Networks and engineering
Revenue from network activities rose this year but there was an increase in costs, in particular for maintenance and investment in the networks. The length of interruptions in energy supply was markedly lower than in 2012 with the average power cut resulting from breakdowns in our electricity network falling by 40% from 35.6 minutes per customer in 2012 to 21.3 minutes this year.

We implemented various efficiency measures in our engineering activities in 2012 and they led to positive results in 2013. In difficult market conditions, revenue rose and the utilisation rate improved. We entered into major contracts with TenneT for the construction of a new high-voltage connection to Goeree-Overflakkee (€ 40 million) and with Total Antwerp for the construction of two switching stations (€ 25 million). Work on both projects started in 2013.

EBITDA on network and engineering activities rose by 18% to € 617 million (2012: € 521 million).

Safety
We pay a lot of attention to a safe working environment for our employees and our contractors and subcontractors. During the past year, we succeeded in improving our safety performance expressed in terms of the LTIR score, yet again.

Customers
The number of retail customers of Eneco Group was stable at 2.2 million throughout the year. In January 2014, after the closing of the financial year, we acquired 150,000 electricity and gas contracts at 90,000 customers from DONG Energy.

The large number of contracts that we concluded with corporate clients include agreements with Mitsubishi Corporation (Eneco Luchterduinen), Intrakoop (gas), AVR (district heating), Woonbron (ESCO) and Interface (renewable gas).

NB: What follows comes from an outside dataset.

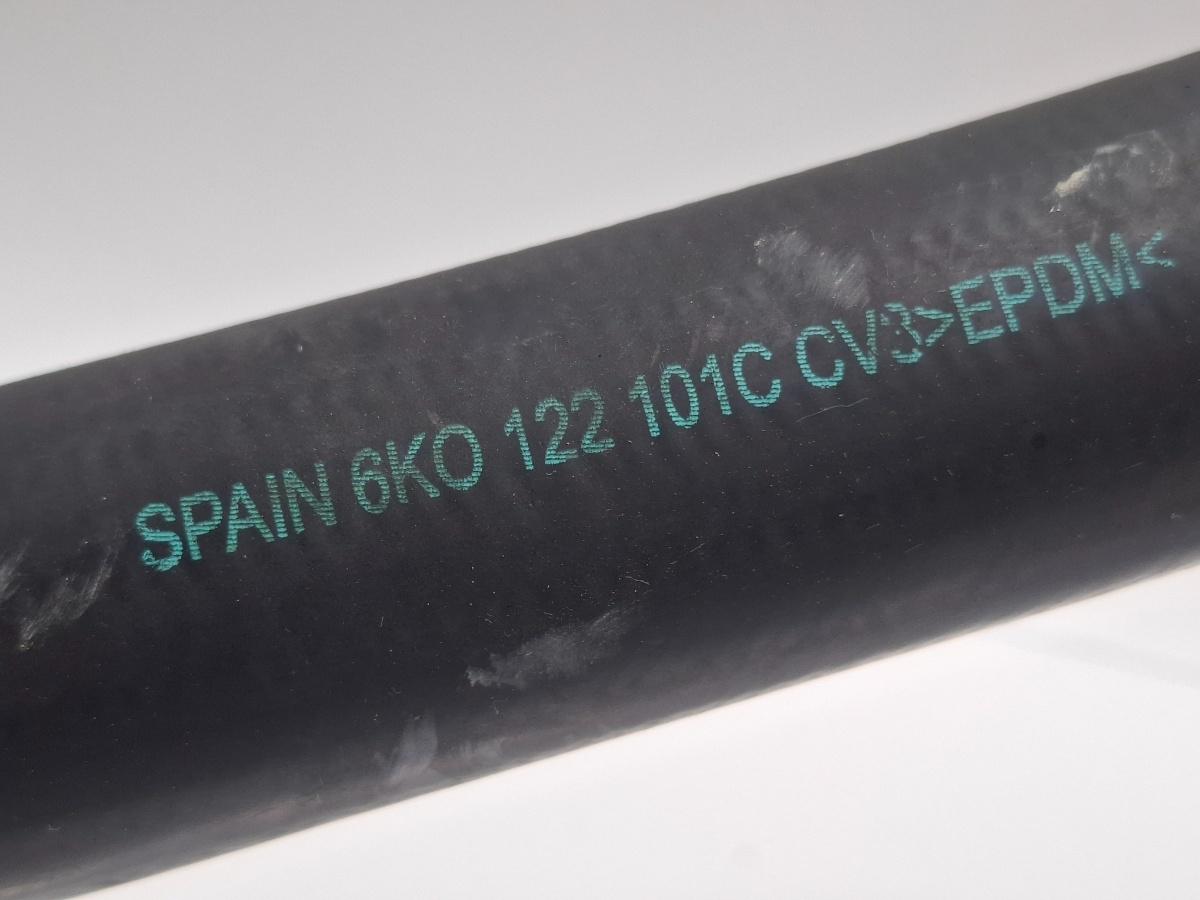 Furtun apa VOLKSWAGEN CADDY II Box 9K9A 1995 - 20041.9 SDI AEY, AYQ 6K0122101C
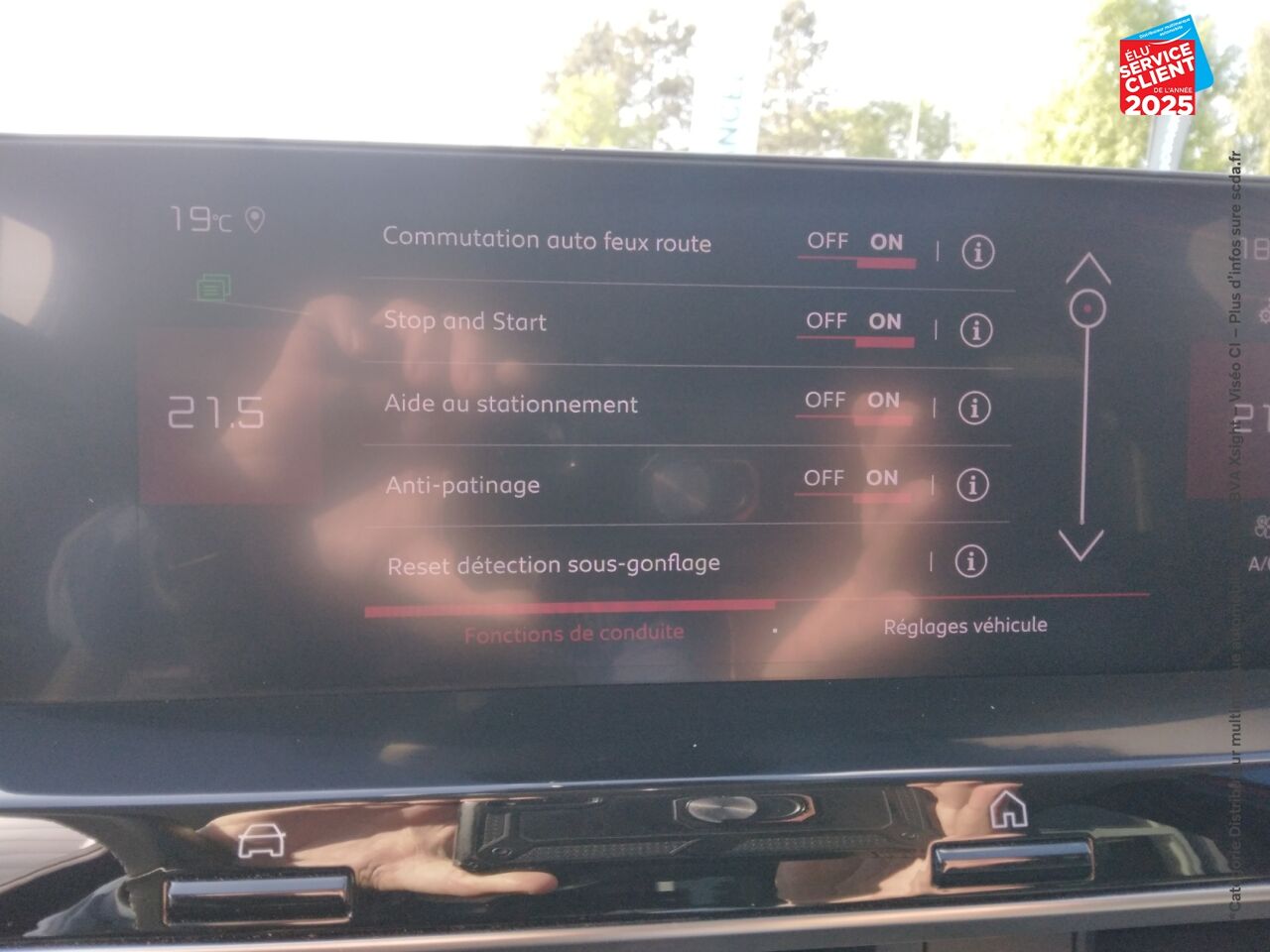 Véhicule d'occasion CITROEN C4 PURETECH 130CH SS SHINE chez Opel Bar le Duc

With Akzo Nobel Industrial Chemicals we concluded a contract for the purchase of around 50% of the electricity production of our new bio-energy plant Bio Golden Raand. With Havenbedrijf Rotterdam, E.ON, Evides and Vopak we entered into a colloboration agreement for the preparation of a site in the Maasvlakte 2 area that will be made available to companies with activities in the field of biomass.

In the financial year, our subsidiary Ecofys conducted research in areas such as energy efficiency, the environment and energy innovation for a large number of customers.

Partnerships were started with a number of energy cooperatives, such as Lochem Energie, Eerbeek-Brummense Energie Maatschappij (EBEM) and Veenstroom. We also put a lot of effort into the involvement of local residents with our wind farms. Examples of this include the successful introduction of a bond programme for citizens of Houten, aimed at enabling them and other interested parties to participate financially in the wind farm in this municipality.

Outlook
We have confidence in the further development of Eneco Group. External factors such as lower regulated transmission tariffs and the continuing negative spark spread will affect the financial results for 2014. Although we will persevere with our sustainability strategy and strict cost controls, we do not believe it will be easy to maintain the net profit for 2014 at the same level as in 2013.